**Provided entries:**
***

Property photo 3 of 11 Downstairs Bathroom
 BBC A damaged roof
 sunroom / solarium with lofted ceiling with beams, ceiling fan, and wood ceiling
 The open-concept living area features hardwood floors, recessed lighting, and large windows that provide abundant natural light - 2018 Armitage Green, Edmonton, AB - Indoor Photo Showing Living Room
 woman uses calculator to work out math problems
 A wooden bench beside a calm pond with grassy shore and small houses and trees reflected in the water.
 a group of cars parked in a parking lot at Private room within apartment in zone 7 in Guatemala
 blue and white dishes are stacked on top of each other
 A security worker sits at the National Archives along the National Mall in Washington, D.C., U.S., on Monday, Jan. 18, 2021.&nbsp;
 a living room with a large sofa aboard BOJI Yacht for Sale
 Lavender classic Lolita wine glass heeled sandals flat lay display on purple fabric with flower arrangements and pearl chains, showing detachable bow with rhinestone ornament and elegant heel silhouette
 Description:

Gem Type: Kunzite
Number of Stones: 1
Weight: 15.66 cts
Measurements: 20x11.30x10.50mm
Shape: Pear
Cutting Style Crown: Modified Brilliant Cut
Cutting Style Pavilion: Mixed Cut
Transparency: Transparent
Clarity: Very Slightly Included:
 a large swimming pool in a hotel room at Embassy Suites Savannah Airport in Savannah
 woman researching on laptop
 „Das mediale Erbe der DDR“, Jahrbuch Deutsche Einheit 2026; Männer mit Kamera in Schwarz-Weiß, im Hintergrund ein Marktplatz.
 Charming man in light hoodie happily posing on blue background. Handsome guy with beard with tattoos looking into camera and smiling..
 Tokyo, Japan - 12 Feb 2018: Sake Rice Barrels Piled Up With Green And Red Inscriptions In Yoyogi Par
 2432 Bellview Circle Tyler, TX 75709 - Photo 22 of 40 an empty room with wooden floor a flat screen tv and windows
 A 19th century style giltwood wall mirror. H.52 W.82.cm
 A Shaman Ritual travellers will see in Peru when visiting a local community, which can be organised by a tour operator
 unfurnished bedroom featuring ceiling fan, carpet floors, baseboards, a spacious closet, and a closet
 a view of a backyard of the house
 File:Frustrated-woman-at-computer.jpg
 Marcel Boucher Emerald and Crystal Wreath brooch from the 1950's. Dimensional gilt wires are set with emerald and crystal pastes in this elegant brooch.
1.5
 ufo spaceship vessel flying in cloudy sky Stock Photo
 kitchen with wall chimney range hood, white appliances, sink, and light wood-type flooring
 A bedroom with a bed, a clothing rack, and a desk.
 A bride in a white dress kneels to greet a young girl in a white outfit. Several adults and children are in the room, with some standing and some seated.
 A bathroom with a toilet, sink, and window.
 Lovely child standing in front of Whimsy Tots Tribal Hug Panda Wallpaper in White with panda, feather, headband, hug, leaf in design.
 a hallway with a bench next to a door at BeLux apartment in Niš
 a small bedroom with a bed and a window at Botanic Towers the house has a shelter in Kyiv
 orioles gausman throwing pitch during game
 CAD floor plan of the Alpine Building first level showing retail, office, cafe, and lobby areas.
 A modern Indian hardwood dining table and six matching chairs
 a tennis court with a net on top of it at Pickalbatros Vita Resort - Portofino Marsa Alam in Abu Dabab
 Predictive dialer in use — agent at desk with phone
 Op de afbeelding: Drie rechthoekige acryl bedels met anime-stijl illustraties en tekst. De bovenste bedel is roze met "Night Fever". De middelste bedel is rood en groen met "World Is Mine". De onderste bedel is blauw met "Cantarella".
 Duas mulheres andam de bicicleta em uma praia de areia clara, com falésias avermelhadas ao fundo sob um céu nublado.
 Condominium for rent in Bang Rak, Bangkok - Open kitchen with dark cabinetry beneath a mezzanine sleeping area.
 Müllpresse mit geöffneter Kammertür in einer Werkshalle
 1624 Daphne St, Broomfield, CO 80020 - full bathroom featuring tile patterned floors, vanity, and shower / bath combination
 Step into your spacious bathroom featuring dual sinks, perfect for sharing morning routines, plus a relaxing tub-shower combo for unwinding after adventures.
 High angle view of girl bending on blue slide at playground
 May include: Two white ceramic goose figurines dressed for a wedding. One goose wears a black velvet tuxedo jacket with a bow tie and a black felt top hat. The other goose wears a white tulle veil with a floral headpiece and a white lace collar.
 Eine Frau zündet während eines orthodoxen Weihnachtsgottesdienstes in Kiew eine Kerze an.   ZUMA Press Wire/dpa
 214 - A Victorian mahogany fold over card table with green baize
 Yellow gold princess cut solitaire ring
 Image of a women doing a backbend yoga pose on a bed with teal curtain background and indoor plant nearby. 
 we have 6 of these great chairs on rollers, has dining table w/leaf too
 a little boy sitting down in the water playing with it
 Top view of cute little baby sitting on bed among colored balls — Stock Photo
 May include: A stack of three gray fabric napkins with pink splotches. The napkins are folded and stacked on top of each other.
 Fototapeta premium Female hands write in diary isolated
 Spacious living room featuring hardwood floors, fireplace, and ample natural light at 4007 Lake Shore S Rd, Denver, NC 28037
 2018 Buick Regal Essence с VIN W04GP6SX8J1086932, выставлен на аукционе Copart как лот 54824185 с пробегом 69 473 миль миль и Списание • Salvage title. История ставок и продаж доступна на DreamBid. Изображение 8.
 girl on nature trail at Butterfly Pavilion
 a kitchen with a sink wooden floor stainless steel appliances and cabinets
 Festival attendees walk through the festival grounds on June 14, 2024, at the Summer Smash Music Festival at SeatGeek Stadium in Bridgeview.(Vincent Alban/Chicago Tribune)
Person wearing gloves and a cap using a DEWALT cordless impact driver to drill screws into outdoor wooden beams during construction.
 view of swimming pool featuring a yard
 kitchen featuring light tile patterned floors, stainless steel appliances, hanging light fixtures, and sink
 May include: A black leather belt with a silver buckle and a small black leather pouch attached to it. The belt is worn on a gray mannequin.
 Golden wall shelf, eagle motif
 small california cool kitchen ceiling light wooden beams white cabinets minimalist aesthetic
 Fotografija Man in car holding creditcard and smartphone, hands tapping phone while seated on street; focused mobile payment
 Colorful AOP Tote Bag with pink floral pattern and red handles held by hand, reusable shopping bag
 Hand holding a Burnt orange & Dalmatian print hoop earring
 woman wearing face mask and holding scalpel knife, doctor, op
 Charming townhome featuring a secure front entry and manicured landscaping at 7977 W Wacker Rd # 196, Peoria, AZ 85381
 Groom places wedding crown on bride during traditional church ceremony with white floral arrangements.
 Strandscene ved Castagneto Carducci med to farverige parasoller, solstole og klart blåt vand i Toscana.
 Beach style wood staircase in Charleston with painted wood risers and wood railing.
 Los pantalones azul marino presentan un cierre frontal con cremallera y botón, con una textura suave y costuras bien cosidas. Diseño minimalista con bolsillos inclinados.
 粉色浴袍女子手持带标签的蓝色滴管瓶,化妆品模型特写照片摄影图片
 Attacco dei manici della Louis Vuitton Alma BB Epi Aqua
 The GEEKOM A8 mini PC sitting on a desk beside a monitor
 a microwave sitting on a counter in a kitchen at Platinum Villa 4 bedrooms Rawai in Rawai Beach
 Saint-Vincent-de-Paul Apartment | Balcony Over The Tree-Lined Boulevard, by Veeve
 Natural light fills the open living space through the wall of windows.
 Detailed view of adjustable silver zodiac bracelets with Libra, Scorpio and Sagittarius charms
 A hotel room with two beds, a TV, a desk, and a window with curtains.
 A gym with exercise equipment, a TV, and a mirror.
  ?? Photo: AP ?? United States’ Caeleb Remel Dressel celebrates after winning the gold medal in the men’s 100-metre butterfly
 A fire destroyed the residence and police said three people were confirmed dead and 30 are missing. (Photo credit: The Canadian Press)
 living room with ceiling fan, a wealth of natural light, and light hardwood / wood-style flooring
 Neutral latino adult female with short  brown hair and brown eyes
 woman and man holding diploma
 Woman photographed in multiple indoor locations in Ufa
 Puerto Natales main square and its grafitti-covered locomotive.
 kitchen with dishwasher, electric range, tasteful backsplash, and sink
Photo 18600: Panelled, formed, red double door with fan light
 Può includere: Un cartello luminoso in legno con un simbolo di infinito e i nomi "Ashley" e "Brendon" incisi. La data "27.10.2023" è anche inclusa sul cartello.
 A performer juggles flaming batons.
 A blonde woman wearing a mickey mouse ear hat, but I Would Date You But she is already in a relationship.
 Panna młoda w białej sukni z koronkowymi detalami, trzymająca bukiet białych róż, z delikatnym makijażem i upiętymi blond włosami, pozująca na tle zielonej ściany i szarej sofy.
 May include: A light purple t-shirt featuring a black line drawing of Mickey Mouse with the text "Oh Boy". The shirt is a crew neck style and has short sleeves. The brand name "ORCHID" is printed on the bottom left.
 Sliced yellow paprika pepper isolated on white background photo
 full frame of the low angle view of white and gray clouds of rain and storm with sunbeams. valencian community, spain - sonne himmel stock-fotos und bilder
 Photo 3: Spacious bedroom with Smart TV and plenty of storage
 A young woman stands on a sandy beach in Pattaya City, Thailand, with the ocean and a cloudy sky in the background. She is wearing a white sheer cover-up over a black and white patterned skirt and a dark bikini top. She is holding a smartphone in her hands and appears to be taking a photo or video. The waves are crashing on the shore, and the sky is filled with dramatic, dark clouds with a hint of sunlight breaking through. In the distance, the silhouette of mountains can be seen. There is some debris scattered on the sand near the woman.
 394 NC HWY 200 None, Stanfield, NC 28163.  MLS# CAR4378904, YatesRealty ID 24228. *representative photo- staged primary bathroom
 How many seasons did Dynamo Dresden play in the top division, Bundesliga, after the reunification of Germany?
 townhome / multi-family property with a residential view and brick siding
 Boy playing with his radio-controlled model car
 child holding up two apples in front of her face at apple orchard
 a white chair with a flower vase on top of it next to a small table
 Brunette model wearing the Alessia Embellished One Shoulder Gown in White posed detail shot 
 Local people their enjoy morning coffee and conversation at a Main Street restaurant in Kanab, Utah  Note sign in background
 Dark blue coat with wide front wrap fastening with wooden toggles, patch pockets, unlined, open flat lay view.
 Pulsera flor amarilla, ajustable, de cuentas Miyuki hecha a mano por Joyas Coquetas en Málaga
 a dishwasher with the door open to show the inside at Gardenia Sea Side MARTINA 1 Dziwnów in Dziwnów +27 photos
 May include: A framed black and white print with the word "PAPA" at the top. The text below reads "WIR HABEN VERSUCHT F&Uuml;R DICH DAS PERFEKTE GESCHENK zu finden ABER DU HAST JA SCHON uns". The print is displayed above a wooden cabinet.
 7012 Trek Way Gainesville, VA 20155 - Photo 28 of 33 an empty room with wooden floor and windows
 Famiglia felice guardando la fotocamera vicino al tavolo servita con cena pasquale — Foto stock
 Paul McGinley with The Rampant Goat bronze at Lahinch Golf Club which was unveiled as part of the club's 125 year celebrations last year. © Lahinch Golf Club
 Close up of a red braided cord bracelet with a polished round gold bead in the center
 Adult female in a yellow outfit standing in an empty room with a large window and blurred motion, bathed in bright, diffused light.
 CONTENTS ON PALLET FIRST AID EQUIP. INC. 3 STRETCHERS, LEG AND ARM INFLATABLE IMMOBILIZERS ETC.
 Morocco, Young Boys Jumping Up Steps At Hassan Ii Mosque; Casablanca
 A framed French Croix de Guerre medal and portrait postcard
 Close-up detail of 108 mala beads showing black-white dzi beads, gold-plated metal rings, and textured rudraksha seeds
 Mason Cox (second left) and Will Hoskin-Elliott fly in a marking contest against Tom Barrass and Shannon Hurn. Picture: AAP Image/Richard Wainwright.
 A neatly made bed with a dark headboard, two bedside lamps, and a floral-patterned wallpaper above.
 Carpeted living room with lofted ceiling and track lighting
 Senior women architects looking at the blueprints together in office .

***

**Exercise:**
Word for word, reproduce the listing above from its start up to and including the line that has "A 19th century". Give only those lines.

**Solution below:**
Property photo 3 of 11 Downstairs Bathroom
 BBC A damaged roof
 sunroom / solarium with lofted ceiling with beams, ceiling fan, and wood ceiling
 The open-concept living area features hardwood floors, recessed lighting, and large windows that provide abundant natural light - 2018 Armitage Green, Edmonton, AB - Indoor Photo Showing Living Room
 woman uses calculator to work out math problems
 A wooden bench beside a calm pond with grassy shore and small houses and trees reflected in the water.
 a group of cars parked in a parking lot at Private room within apartment in zone 7 in Guatemala
 blue and white dishes are stacked on top of each other
 A security worker sits at the National Archives along the National Mall in Washington, D.C., U.S., on Monday, Jan. 18, 2021.&nbsp;
 a living room with a large sofa aboard BOJI Yacht for Sale
 Lavender classic Lolita wine glass heeled sandals flat lay display on purple fabric with flower arrangements and pearl chains, showing detachable bow with rhinestone ornament and elegant heel silhouette
 Description:

Gem Type: Kunzite
Number of Stones: 1
Weight: 15.66 cts
Measurements: 20x11.30x10.50mm
Shape: Pear
Cutting Style Crown: Modified Brilliant Cut
Cutting Style Pavilion: Mixed Cut
Transparency: Transparent
Clarity: Very Slightly Included:
 a large swimming pool in a hotel room at Embassy Suites Savannah Airport in Savannah
 woman researching on laptop
 „Das mediale Erbe der DDR“, Jahrbuch Deutsche Einheit 2026; Männer mit Kamera in Schwarz-Weiß, im Hintergrund ein Marktplatz.
 Charming man in light hoodie happily posing on blue background. Handsome guy with beard with tattoos looking into camera and smiling..
 Tokyo, Japan - 12 Feb 2018: Sake Rice Barrels Piled Up With Green And Red Inscriptions In Yoyogi Par
 2432 Bellview Circle Tyler, TX 75709 - Photo 22 of 40 an empty room with wooden floor a flat screen tv and windows
 A 19th century style giltwood wall mirror. H.52 W.82.cm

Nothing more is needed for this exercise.